Олечка

Умма Свилар
                Олечка.

    Побыстрее бы закончился этот день. Прожить и забыть, забыть, забыть.
    Олечка еще с утра знала, что на своем рабочем столе увидит цветы. Что будет и подарок от коллектива, и открытка на память, и «хороший сотрудник» и
«отзывчивый человек» - все как положено в юбилей.
Сотрудники были милы и доброжелательны, предчувствуя очередную пьянку, но
Олечка всех обманула. Закатила загадочно глаза в кабинете начальницы - мол, сами понимаете, вы же женщина и отпросилась пораньше.
И теперь, наконец, она дома, запыхавшееся, с обмороженными гвоздиками и новым сервизом. За стеной, на лестничной клетке кто-то пел под гитару. Даже в квартире было слышно:«Все идет по плану, все идет по плану».
Первым делом Олечка отключила телефон, хотя заранее предупредила всех тех кто мог бы позвонить, что уезжает с Толиком в дом отдыха. Праздновать, так сказать, сорокалетие. Сын где-то как обычно гулял с друзьями. Она и не напомнила ему про дату, чего ради?
В ванной Олечке стало немного легче: вода теплая, пена белая,
запах лаванды. Распаренная, она остановилась возле большого зеркала,
встроенного в шкаф. Из зеркала на нее смотрела невысокая, еще красивая женщина в махровой чалме. Олечка автоматически выпрямилась, втянула живот. Крестик сбился на спину, нитка плотно прижалась к горлу - удавка в миниатюре. Резким движением крестик был возвращен на место. Поживем еще, попыталась она
улыбнуться и накинула халат - парижский подарок Толика.
Перед рождеством Толик ходил на исповедь и всю их лавсторию рассказал батюшке. Тот грех отпустил и теперь Толик по вечерам дома с женой телевизор смотрит.
Олечке не хотелось спать. Этот день определенно не желал заканчиваться. За стеной пьяные голоса жалостливо продолжали: «Мне пел нашептывал начальник из сыскной, мол расколись, зачем ты воду мутишь…». Народную балладу прервал женский пронзительный визг.
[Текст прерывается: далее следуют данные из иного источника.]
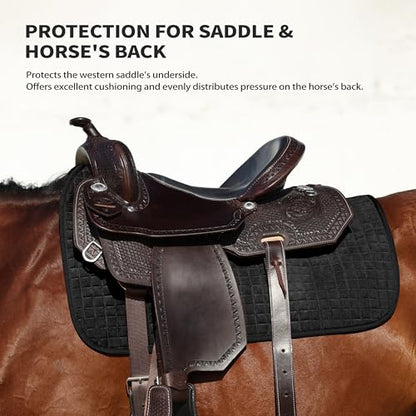 Tackmore All-Purpose Square Quilted Western Saddle Pad, Horse Saddle Pad - color: Black
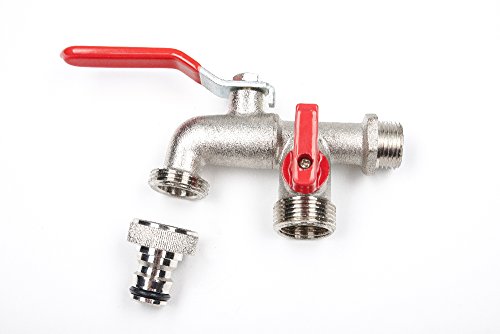derClou24 Doppel-Kugelauslaufventil Auslaufhahn mit zweitem Abgang Messing matt verchromt, 6825132013 - 2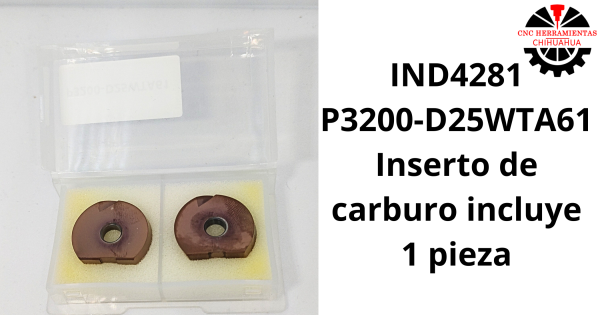 P3200-D25WTA61 Inserto de carburo incluye 1 pieza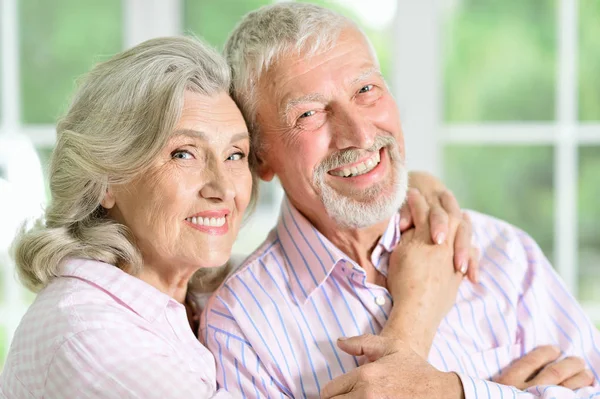 Portrait Happy Senior Couple Posing Home Stock Image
Началась перебранка, угрозы вызвать милицию. Раздался звон разбитой бутылки, потом топот по лестнице.
Олечка включила телефон, но он молчал. Она выкурила сигарету, потом еще одну, но телефон молчал. Тогда она включила телевизор. С экрана издевательски скалился Леонид Парфенов, что-то говорил, а телефон, наверное, умер.
Оделась Олечка молниеносно. Нахлобучила шапку на еще влажные волосы, накрасила губы. Бежать, куда угодно, только бы отсюда, только бы не одной. Клуб, бар, даже ночной супермаркет, подходило все. О том, что забыла очки она вспомнила только в лифте, но «возвращаться плохая примета» да еще в сорокалетие.
Олечка выбежала из подъезда. Стайка подростков с гитарой и пивом смачно материлась, наслаждаясь звучанием недавно прорезавшихся фальцетов и баритонов.
- Эй, пусечка, пиво хош?
Олечка знала, что она умная, что сейчас соберется и ответит что-нибудь обидное, поставит на место, покажет разницу. Она обернулась и посмотрела прямо в глаза красномордому, прыщавому тинэйджеру. Телячьи глаза блестели от алкоголя и явно выражали самоуверенность и желание.
Олечка отвернулась.
За спиной слышался хохот.
Она проиграла.
Когда-то, очень давно Олечка ошиблась и теперь шла прочь, не в силах сдержать слез. Она ненавидела эту довольную, почти детскую физиономию. Она ненавидела себя за то что отвернулась, за то что... да, в общем, и не за это.  Олечка рыдала.
А потом она обошла дом и еще минут двадцать ждала  за углом, пока компания разойдется, чтобы незаметно вернуться.
Олечка вернулась. Не включая свет, она скинула сапоги, шубу, подошла к окну. И тут раздался звонок:
« Ма, ты это… на Женьку не обижайся. Это он просто прикалывался. Я еще тут погуляю, а?"